Happy 100th birthday to Eva Marie Saint: 5 essential films

Best known for her Oscar-winning turn in On the Waterfront and her enigmatic blonde in Hitchcock’s North by Northwest, Eva Marie Saint is one of the few surviving icons of golden-age Hollywood.

North by Northwest (1959)

By turning 100 on 4 July 2024, Eva Marie Saint joins an exclusive club of centenarian Oscar winners. Among actors, only George Burns, Luise Rainer and Olivia de Havilland have previously achieved the feat, currently making Saint the earliest surviving and the oldest living Academy Award victor.

She came to films late after starting on stage and television and opted to raise a family rather than pursue a career. But, while her CV might not be extensive, Saint, who combined Hollywood glamour with Actors Studio integrity, continued to surprise with her range of roles, whether she was a junkie’s wife in A Hatful of Rain (1957); losing lovers to Elizabeth Taylor in Raintree County (1957) and The Sandpiper (1965); the mother of a half-Apache son in The Stalking Moon (1968); or an adoptive parent from Smallville in Superman Returns (2006).

On the Waterfront (1954)

Director: Elia Kazan

On the Waterfront (1954)

Eva Maria Saint is synonymous with elegance. But there’s a disarming ferocity to the first scene in her Oscar-winning debut, as Edie Doyle condemns Fr Barry (Karl Malden) for hiding in his church while she demands to know who killed her longshoreman brother for testifying against mobster Johnny Friendly (Lee J. Cobb). Ignoring her father’s misgivings, she places her trust in Terry Malloy (Marlon Brando), an ex-boxer complicit in her brother’s death, and Saint’s stillness alongside Brando’s trademark twitchiness makes for a fascinating Method contrast. Lit to make a halo of her blonde hair, Saint tempers innocence with a steel that was unique for ingénues of the time.

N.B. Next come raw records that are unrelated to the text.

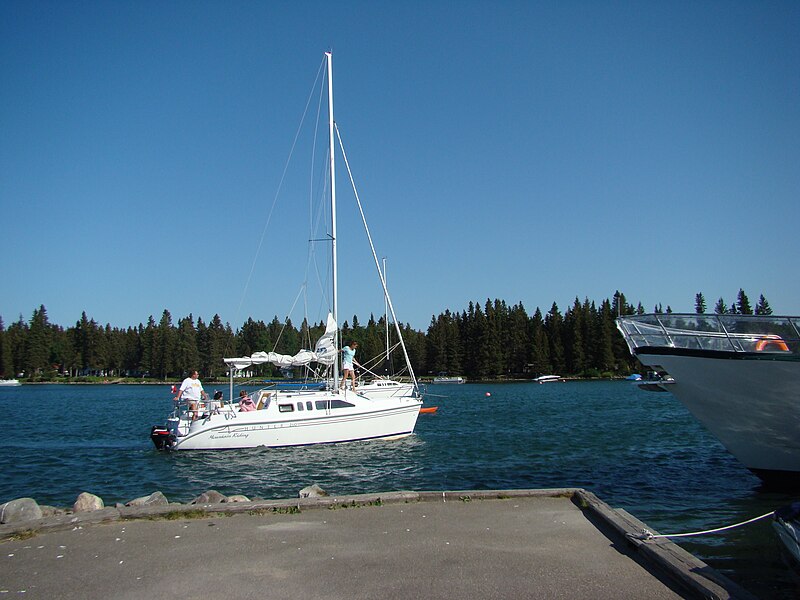 File:Clear Lake Riding Mountain National Park Manitoba Canada (7).JPG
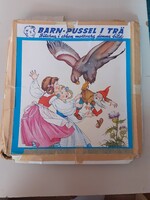 Puzzle svéd fa vintage mese kirakó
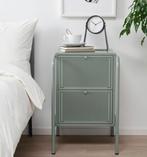 Nikkeby nachtkastjes, Ophalen, Zo goed als nieuw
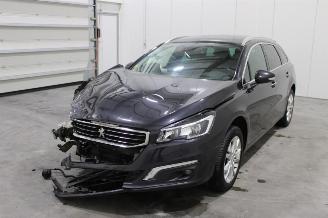 damaged passenger cars Peugeot 508  2019/2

That Certain Feeling (1956)

Directors: Norman Panama and Melvin Frank

That Certain Feeling (1956)

Saint is not known for comedy, but she anticipates Doris Day’s working chic, as small-towner Ethel Jankowski reinvents herself as city slicker Dunreath Henry in this sprightly farce. She’s about to marry her boss, Larry Larkin (George Sanders). But his syndicated comic strip needs perking up and she hires ex-husband Francis X. Dignan (Bob Hope) for the job. The script fizzes, as Hope and Sanders attempt to steal scenes off each other. But Saint proves a comic natural by playing it straight, as she would again in the Cold War satire The Russians Are Coming, the Russians Are Coming (1966) and Hope’s Paramount swan song, Cancel My Reservation (1972).

North by Northwest (1959)

Director: Alfred Hitchcock

North by Northwest (1959)

Two weeks after having her second child, Saint found herself clambering over a mock-up of Mount Rushmore on a Culver City soundstage. In true Actors Studio style, she incorporated hurting her elbow into the scene, as government agent Eve Kendall would never be deterred by such a scrape. While many of Alfred Hithcock’s blondes were damsels in distress, wrong man Roger Thornhill (Cary Grant) is the one in peril, as Eve strives to prevent Phillip Vandamm (James Mason) from smuggling secrets. Has there ever been a better seduction line than, “It’s going to be a long night and I don’t particularly like the book I’ve started”?

All Fall Down (1962)

Director: John Frankenheimer

All Fall Down (1962)

Saint headlined this adaptation of a James Leo Herlihy novel, which tackled themes that seemed very adult at the time and feel reprehensibly outdated today (as with another Herlihy transfer, 1969’s Midnight Cowboy). There’s a hint of Blanche DuBois about Echo O’Brien, the 31-year-old family friend who inspires puppyish devotion in teenager Clinton Willart (Brandon De Wilde) and two-fisted lust in his scoundrel sibling, Berry-Berry (Warren Beatty). Things keep threatening to descend into seedy melodrama, but the “old maid from Toledo” remains tantalisingly elusive, as she digs herself deeper with each error of judgement. Saint would reunite with director John Frankenheimer as a chic journalist in Grand Prix (1966).

36 Hours (1964)

Director: George Seaton

36 Hours (1964)

Having played an American nurse witnessing the birth of Israel in Exodus (1960), Saint was cast as a Jewish nurse trying to prevent D-Day in this predictable but still gripping thriller. Faced with the prospect of continued abuse at Ravensbrück, Anna Hedler agrees to pretend it’s May 1950 and that she’s married to an American war hero in order to dupe abducted major Jefferson Pike (James Garner) into betraying details of the Allied invasion plan in June 1944. Rod Taylor and Werner Peters intrigue as contrastingly despicable Nazis, but Saint movingly portrays a survivor who discovers quiet courage and a reason to live from the depths of brutalised despair.